It was thoroughly disconcerting to him and would, he thought, remain ever so, this mix of guile and innocence, of sensuality and the politic, shifting from moment to moment like the rain.
“No!” he said, “No need, I–”
“Nonsense,” she said, smiling back to him as if a sweetheart to her dearest beau, and crossed the room to make tea.
It was a shock suddenly to notice as she moved through it what a wreck the cottage was. There was something so contained in her that you did not take notice of what was beyond the fixed serenity of her gaze. She was the self-organizing system, the calm of flowing water. Now as she moved to the propane stove (firm buttocks in worn, tight jeans–much of what they wore castoffs, donated for refugee relief) storms of chaos settled back around her: fluttery curled pages of stained children’s books and her husband’s strewn teeshirts and books avalanched in a clump from a broke-leg spindleback chair, the clatter of rain on the roof in the ceilingless room mixed with the hiss of noisy Bach from a terrible eight-track tape player with stained decals of Sesame Street figures on its grimy yellow plastic sides.
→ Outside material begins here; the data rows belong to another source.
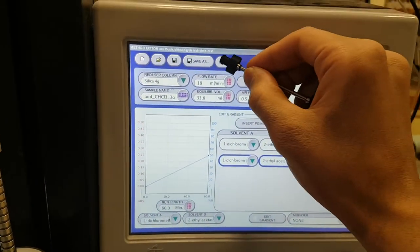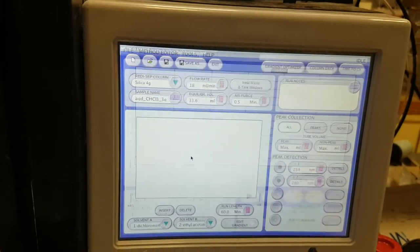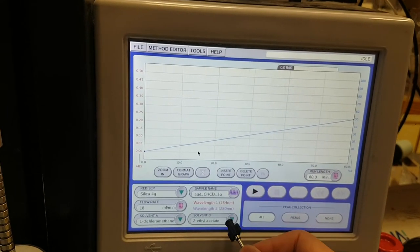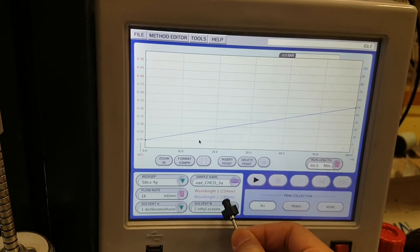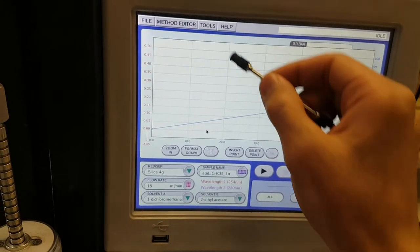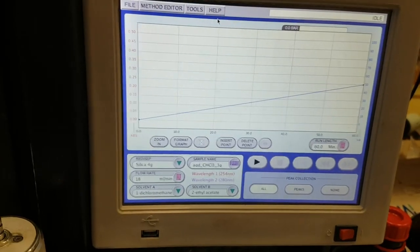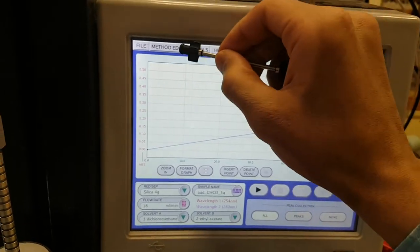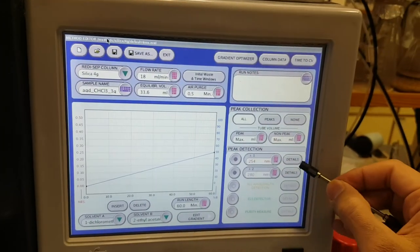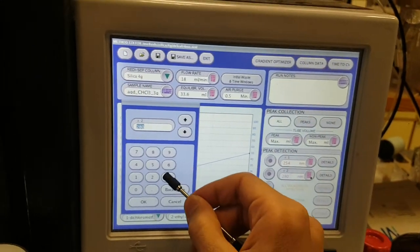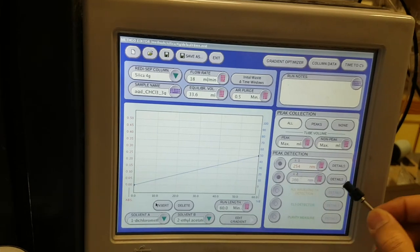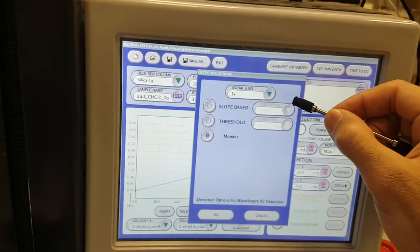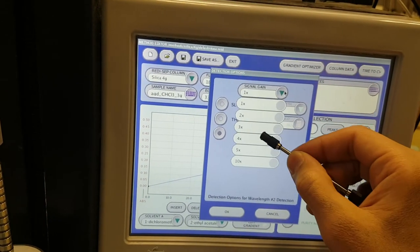I'll choose also the wavelength. I need to change 280 to 366. I'll go back to method editor and here you can change 366. I'll make it five times.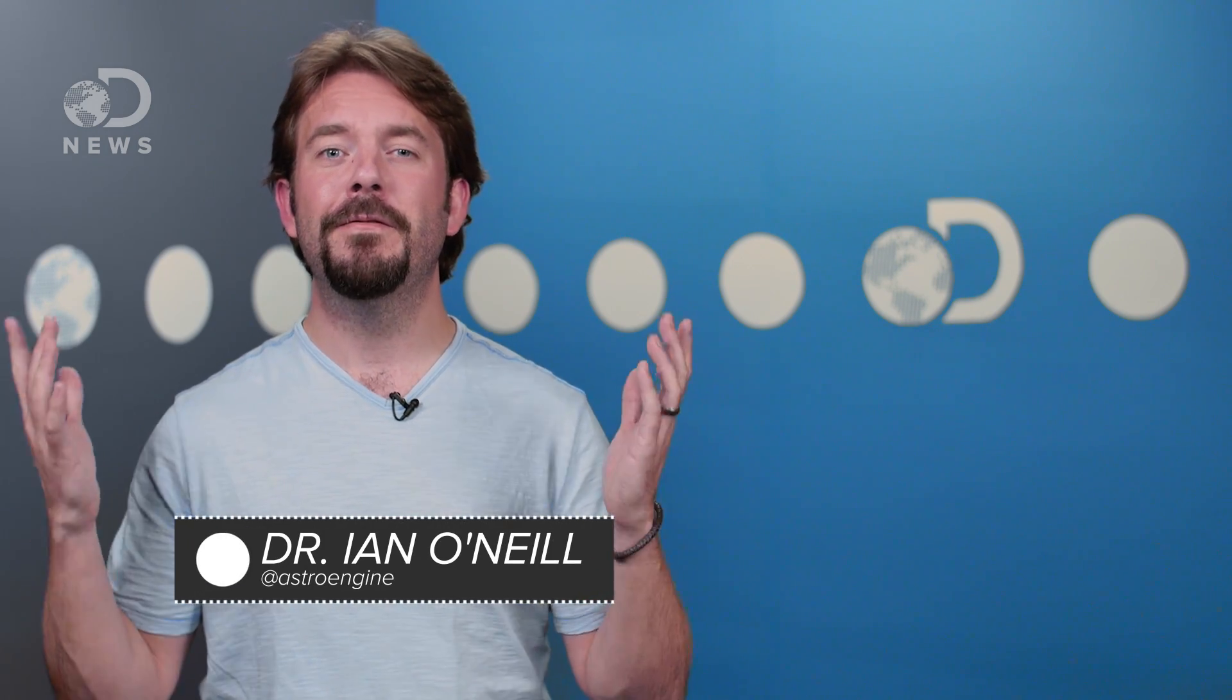Hi there spacetime entities, Ian here for DNews on a very big day for physics. Since the discovery of gravitational waves hit the headlines back in February, we've been patiently waiting to see whether or not it was a fluke. And I can tell you now, it wasn't.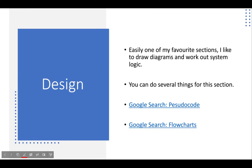System design is one of my favorite sections — I like to draw diagrams and work out system logic. I've done a Google search of what pseudocode is, how to draw pseudocode, and all of that, and I'll try to share those links with you. I've also done a Google search for flowcharts and will share those links too. There are going to be YouTube videos in the description that show you how to do pseudocode and how to do flowcharts.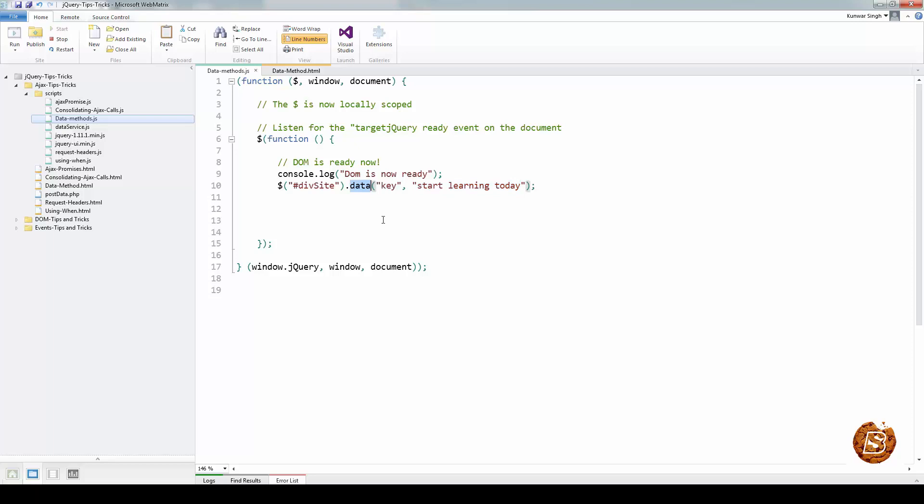The method call is very convenient as it allows you to include it as a part of a chain. When you use the data method, you need to pass two parameters, a key and a value to be stored. The key has to be a string and the value can be any data structure including functions, arrays and objects.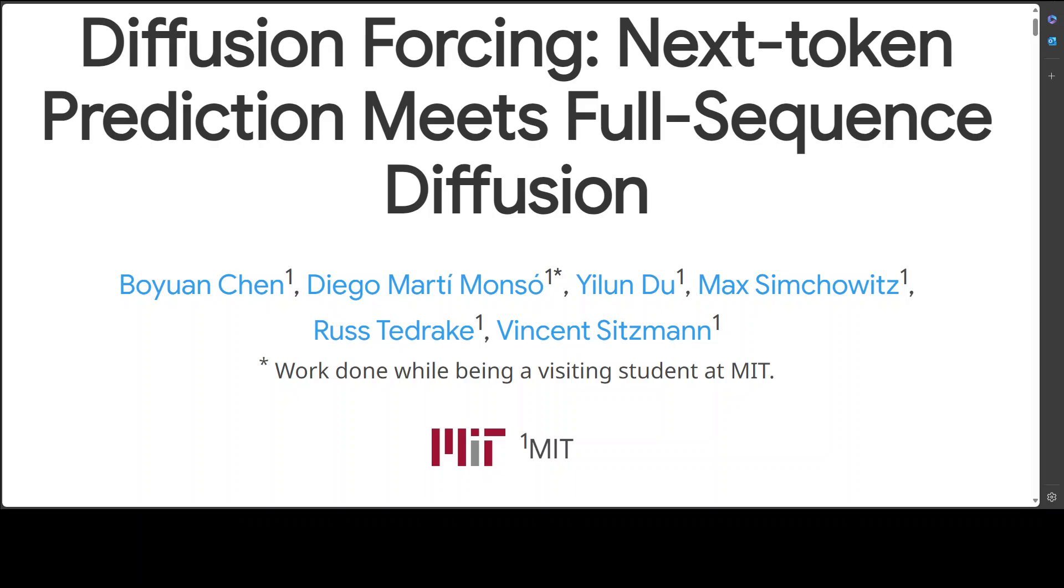This is one of those projects which are best described by showing you. In this video, I am going to give you an overview of a fascinating project called Diffusion Forcing.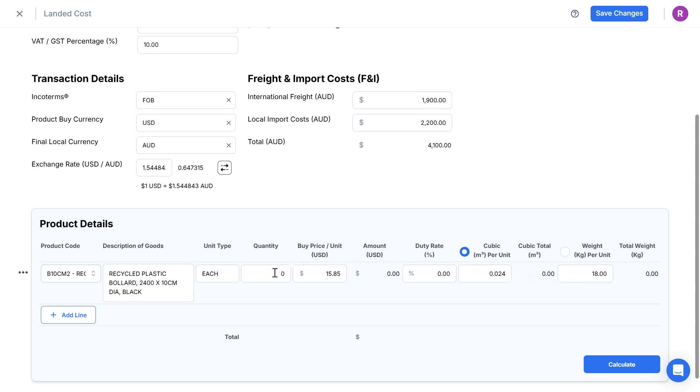I'll enter the quantity of the first product. Duty rate. Due to the China-Australia Free Trade Agreement, I know that the import duty rate is 0%, otherwise I could enter a percentage for import duty rates here.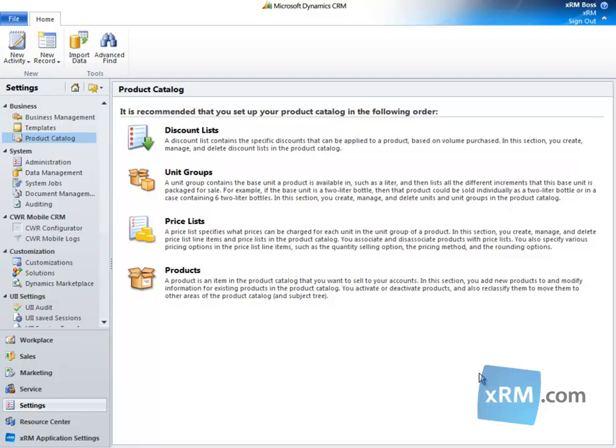Hi, and welcome to the Success Portal by XRM.com. This video follows the Product Catalog Products video and is the final video in a 6 part series.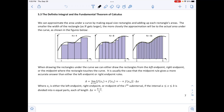We are in section 5.3, the definite integral and the fundamental theorem of calculus. We can approximate the area under a curve by making equal-size rectangles and adding up each rectangle's area. The smaller the width of the rectangle — as n gets larger — the more closely the approximation will be to the accurate area under the curve, as shown in the figure below.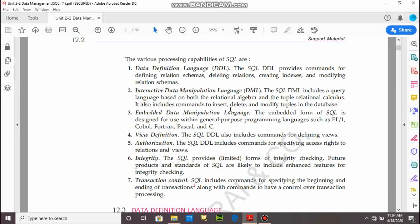Next is interactive data manipulation language. SQL DML includes a query language based on both relational algebra and tuple relational calculus. In relational algebra, we have to define insertion, delete, and modify operations on tuples and relations.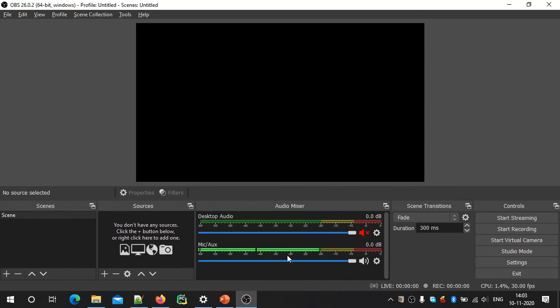Now, if we use this noise reduction filter, we can record our audio clearly. In the next video — thank you very much.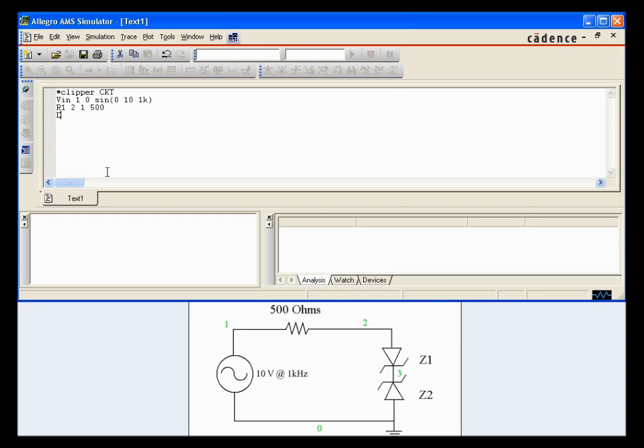Next, our diodes. First breakdown diode. Going from the negative terminal, or positive terminal to the negative terminal 3.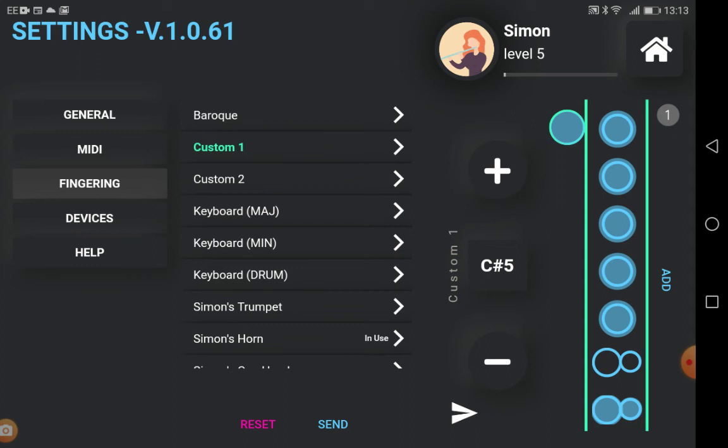To store your edited fingering scheme on your recorder, press send. The app will remember your edit and let you reset the custom scheme.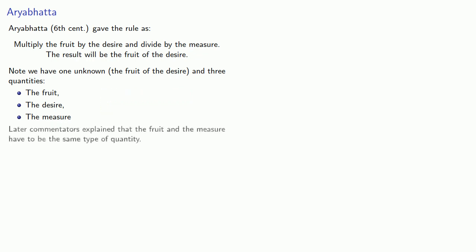Later commentators explained that the fruit and the measure have to be the same type of quantity, and also the fruit must be associated with the unknown quantity.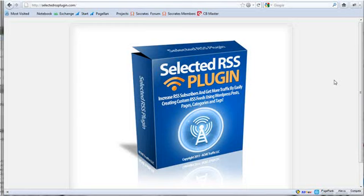Hey, this is Dan Nickerson with Acme Traffic and I'm pleased to announce our latest plugin, the Selected RSS plugin.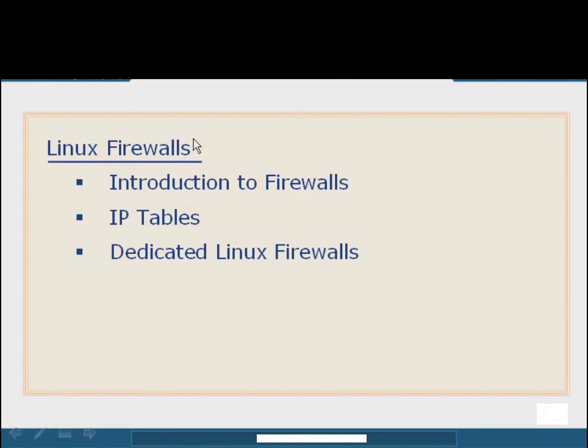So we're ready to talk about a more interesting topic of Linux security and of computer security in general. And the topic that we're going to cover here is Linux firewalls.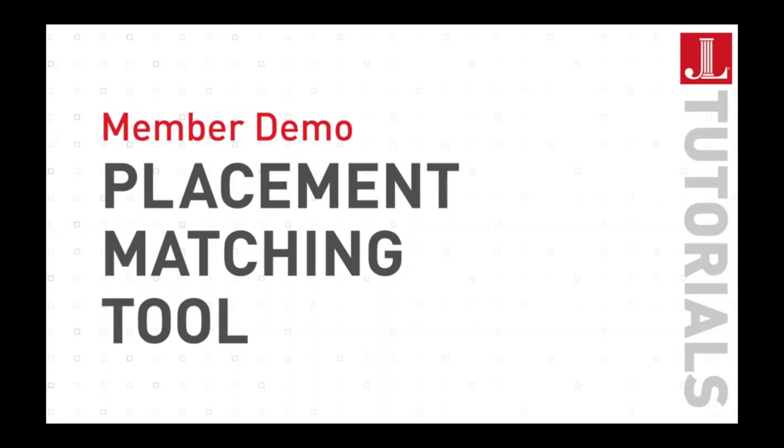Hello everyone, and welcome to the placement matching tool. AJLI is excited to launch this platform that matches members to placements based on their desired learning paths and availability.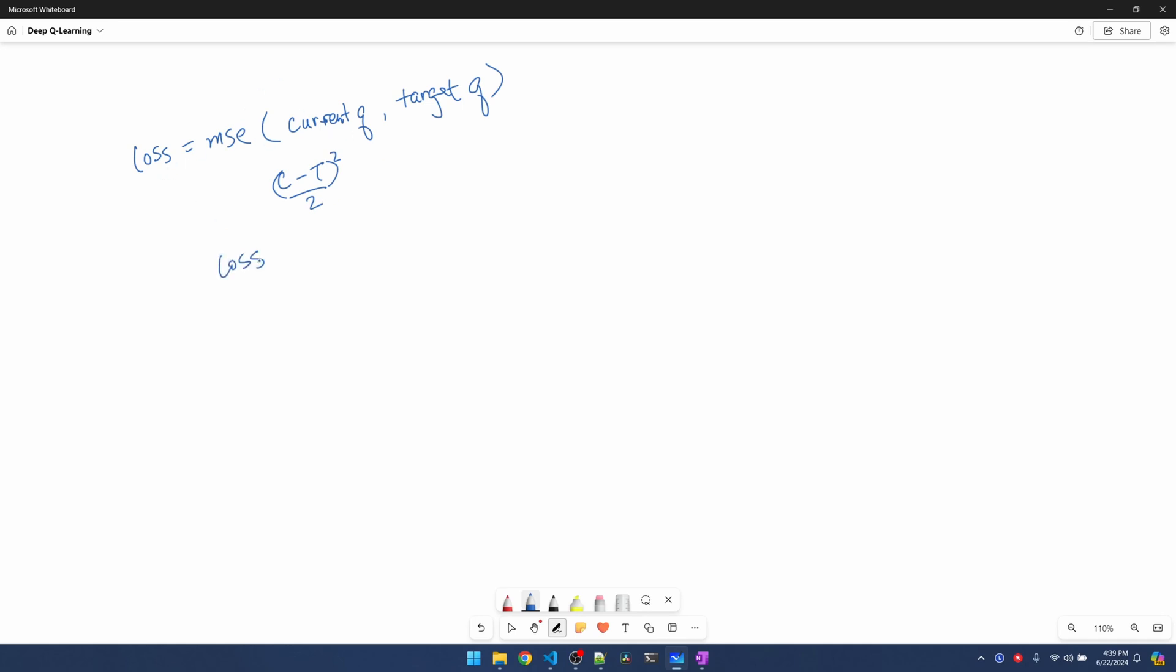So if I were to calculate the loss, I'm not really going to do the math. Let's say current Q is at 2 and we want to get it to 4. I'll just say the answer is 2. I don't know if this is correct or not, let's go with 2.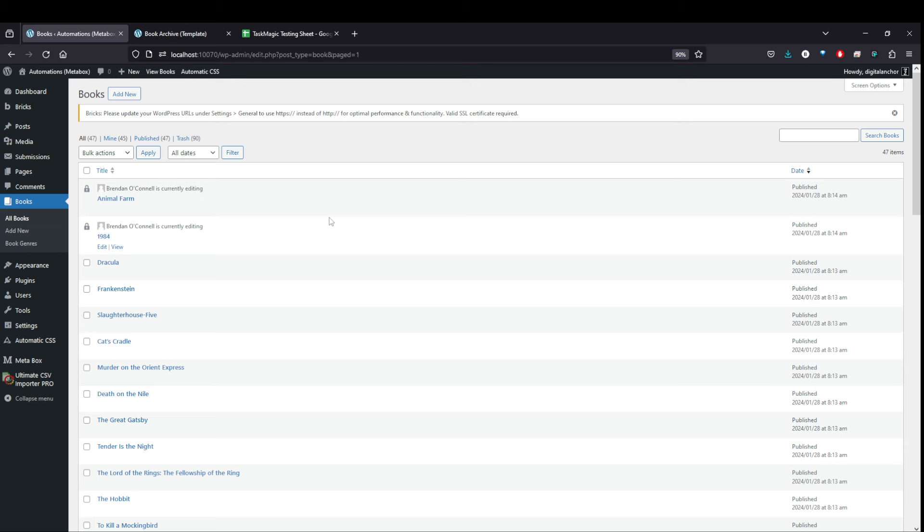That's how you get some WordPress custom post types in your WordPress site. And hopefully save some time. All right. See ya. Thanks for watchin'.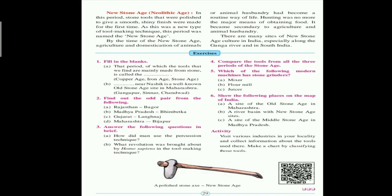Question number two: find out the odd pair from the following. The answer will be Maharashtra–Bijapur, because Bijapur is in Karnataka, so this pair is the odd pair. Question number three: answer the following question in brief. First: 'How did man use the percussion technique?' The answer: the man in the old stone age used the percussion technique to make stone tools. This technique involves beating and striking one large pebble against another to obtain stone flakes.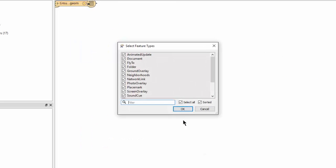FME scans the KML file and presents KML elements as feature types. Remember, it's the neighborhoods element that contains the spatial and attribute information, so we will only read that feature type.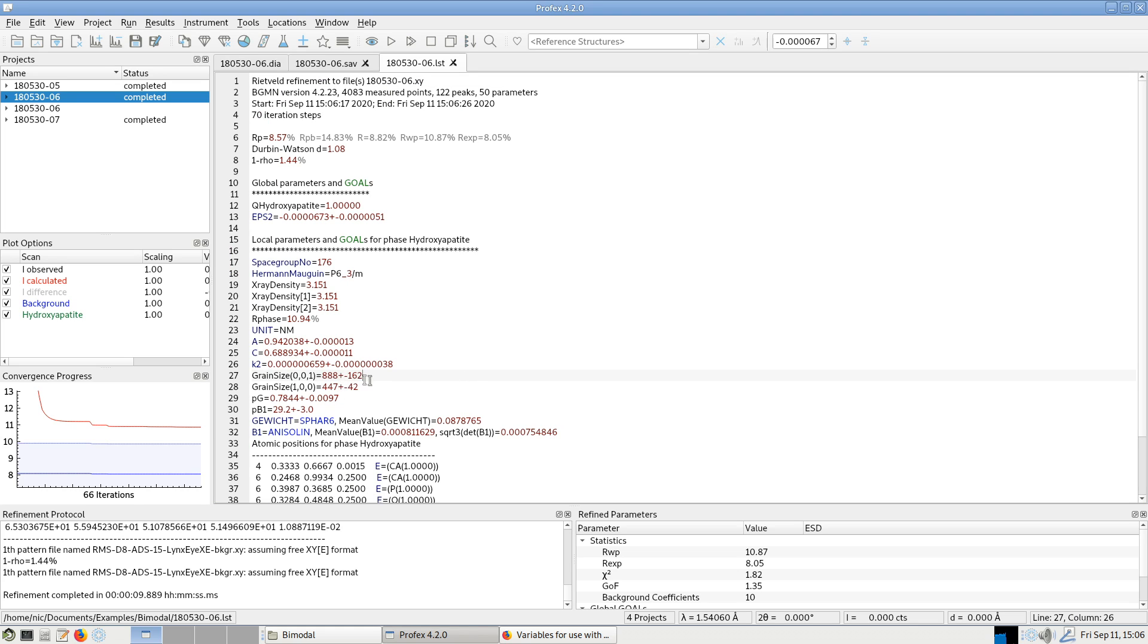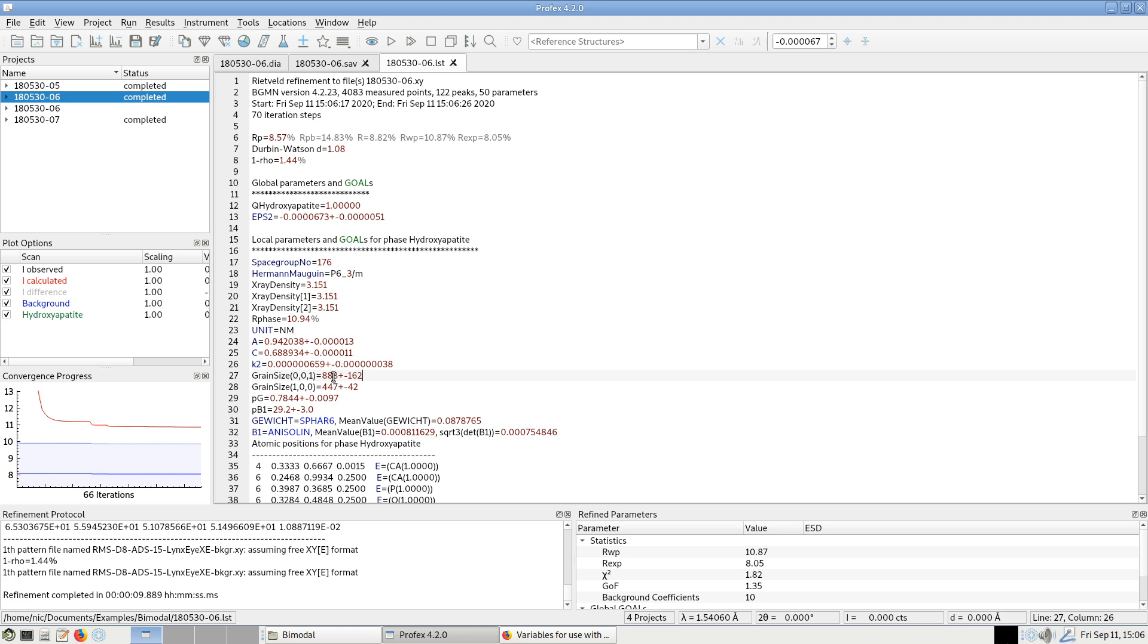In general, the amount of peak broadening of this highly crystalline phase is so low, the peaks are almost perfectly sharp, that it's difficult to refine the grain size of such highly crystalline phases. We can also see it from the high estimated standard deviation.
Below the bare rafters a strange filing system of documents hung from clothes pins on a line along one wall. They fluttered like worn flags as she made her way through shopping bags of donated tinned food, Kraft dinners and polyester clothes, stopping at the stove where steam from the teakettle misted the cindery air. Thumbtacked to the near wall a reproduction of a dreamy painting of a young girl innocent in underpants glowed like an ikon, its muddy pastel tones infused by a contained, strange light like goldleaf. Years later he discovered that the painting was by someone named Balthus, himself a Pole by birth.